I suspect we have more to thank sprinklers for that, than any caution on the owners' part.

Thanks for posting this powerful - and timely - reminder of what can happen when businessmen are left to their own devices.

FiveGoodMen

(20,018 posts)
8. Well, I remember hearing about this one
Mon Mar 25, 2019, 05:03 PM
Mar 2019

The Hamlet chicken processing plant fire was an industrial fire in Hamlet, North Carolina, at the Imperial Foods processing plant on September 3, 1991, resulting from a failure in a hydraulic line. 25 workers were killed and 55 injured in the fire, trapped behind locked fire doors. In 11 years of operation, the plant had never received a safety inspection.[1] Investigators believe a safety inspection might have prevented the disaster.[2]

A federal investigation was launched. Owner Emmett Roe received a 20-year prison sentence, of which he served only four years. The company received the highest fine in the history of North Carolina,[3] which was less than the federal minimum. As a result, the federal government took over enforcement of much of North Carolina's worker safety laws.[4] Survivors and victims' families accused the fire service and city of Hamlet of racism, leading to two monuments to the tragedy being erected.

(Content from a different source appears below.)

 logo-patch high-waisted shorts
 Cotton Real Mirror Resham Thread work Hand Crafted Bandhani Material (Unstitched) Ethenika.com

The plant was never reopened.

The fire was the North Carolina's worst non-mining industrial disaster and second worst industrial disaster overall.[5] The death toll was particularly high for a United States industrial disaster in the late 20th century, despite being a lower death toll than several other disasters in the past, such as the 1947 Texas City disaster, the 1911 Triangle Shirtwaist Factory fire, and the 1860 Pemberton Mill collapse.[6]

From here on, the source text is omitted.